It's time to think about interest rates again

24 November 2017


It's time to think about interest rates again

Interest rate risk




There is some talk that interest rates could jump up suddenly.  At this stage it is just talk, but how good is your mortgage strategy?  Have you reviewed it recently?  And what would happen to you if interest rates jumped up suddenly?

I last looked at interest rates in November 2016, and, at that time, ASB and BNZ had just raised their 3 to 5 year rates.  I was therefore expecting interest rates to slowly move up over the last year and be maybe 5% by now.  Obviously this was completely wrong with the short term rates.  The 1 to 2 year Interest rates are still extremely low and haven’t really moved.  From the best rates are:

1 Year 4.19%
2 Year 4.29%
3 Year 4.79%
5 Year 5.59%
While the 1 and 2 year rates are still extremely low, the longer term rates have moved up slightly.

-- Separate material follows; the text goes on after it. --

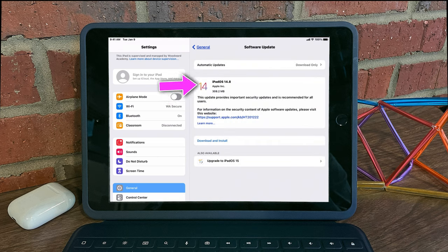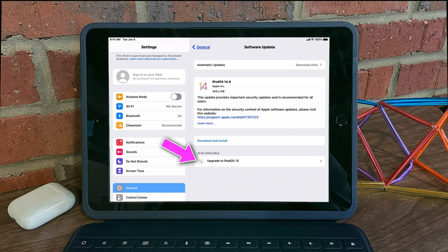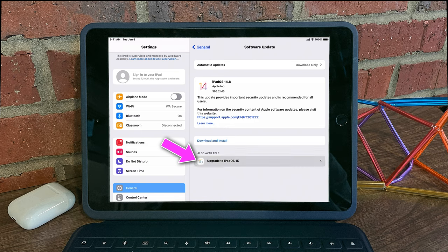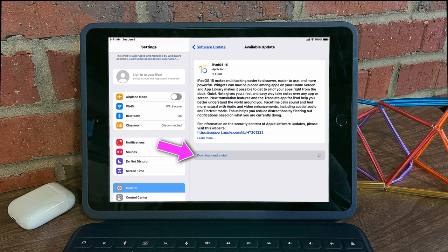You should see that there's a new iPadOS 14.8 out if you haven't already installed that one. But underneath, you'll see that there's an ability to upgrade to iPadOS 15. Select iPadOS 15, and then select Download and Install.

Four Key Points to Consider:

1. Negotiate – If you ask for a better rate, you can often get a discount off the standard rates.  Or use a mortgage broker so that they do the running around for you and can negotiate on your behalf.  You can definitely get a good discount off floating rates!

A great line can be:  "My accountant told me that I should be getting 4.55 for 3 years."  Or "my accountant told me that his other clients are getting at least a 0.2% discount."  Worst case, the bank still won't give you a better rate, but it can be an wasy way to ask for a better rate and you are blaming it all on someone else (me!).

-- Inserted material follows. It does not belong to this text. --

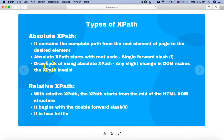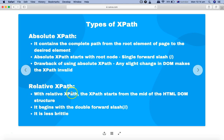So that's the difference between relative and absolute XPath. Absolute XPath starts with a single forward slash, while relative XPath starts with a double forward slash and is less brittle. You will rarely use absolute XPath because it's not reliable. Most of the time you will be using relative XPath. Hope you liked the tutorial — thank you very much for watching.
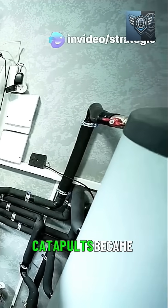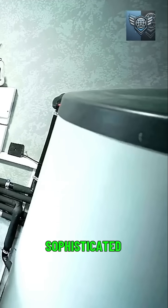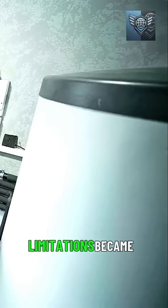However, even as steam catapults became increasingly sophisticated, their inherent limitations became apparent.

2. Don’t have too much floating – the idea with a floating loan is that you can pay it off before your next fixed loan comes up.  So if you think you can only pay off $20,000, then your debt in your floating loan should be around $20,000.  The best floating rate on is 5.65%, or 1.46% higher than the 1 year rate!  So if you had a high floating loan of $300,000, you would be paying $4,380 extra interest per year!

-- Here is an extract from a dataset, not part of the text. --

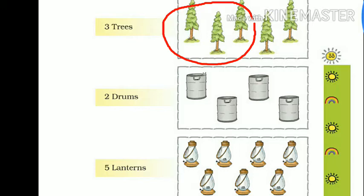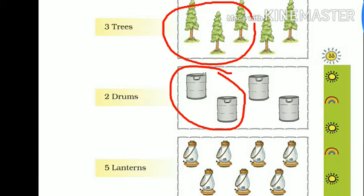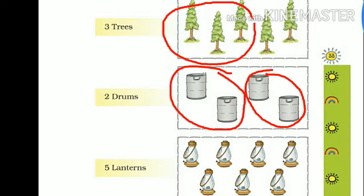So we can make only 1 group. In the next question, we have some drums and we have to make a group of 2. So let's count: 1, 2. This group is ready, but you can see 2 more drums are left. So we can make 1 more group. Let's make it. So here we have made 2 groups.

3.Rental debt vs Private debt – When we complete your financial statements, we will identify in our letter if there is an opportunity to borrow more in the rentals that is tax deductible and therefore reduce your personal home debt where there is no tax deduction.  This can often be a simple change at a very small cost.  For example, if your rental Company owes you a $200,000 shareholder current account and you have a personal house debt over this, then the Company could borrow $200,000 and repay you,. Therefore the interest on the $200,000 would be deductible and could save $3,000 in tax per year!

It’s essential to do this right and to get expert advice.  So if you think this could work for you, then contact us and we can help you through this process. 

4. Spreading loans – If you have all your loans fixed for 1 year, then you are gambling that interest rates will go down.  If you are right, great.  If you are wrong, then it could cost you a lot in extra interest!  Obviously no one has a crystal ball, so everyone is guessing what will happen.

I like the approach of ‘don’t put all your eggs in one basket’.  Therefore, if I had a $920,000 mortgage, I might split it into:

  • $20,000 floating
  • $300,000 at 1 year
  • $300,000 at 3 years
  • $300,000 at 5 years.

The average interest rate is still only 4.9%.  If you negotiate, you will be able to get this lower too!
Under a spreading approach, if interest rates go down or stay the same you still do OK as you have some loan fixed for 1 year.  If interest rates go up, you still do OK as you have some loans fixed for 3 and 5 years.  You might not get the best interest rate, but then you are not gambling on one outcome either.
Overall it’s not about panicking and rushing a decision.  Instead, it’s about thinking about your long term approach and your preferred risk level.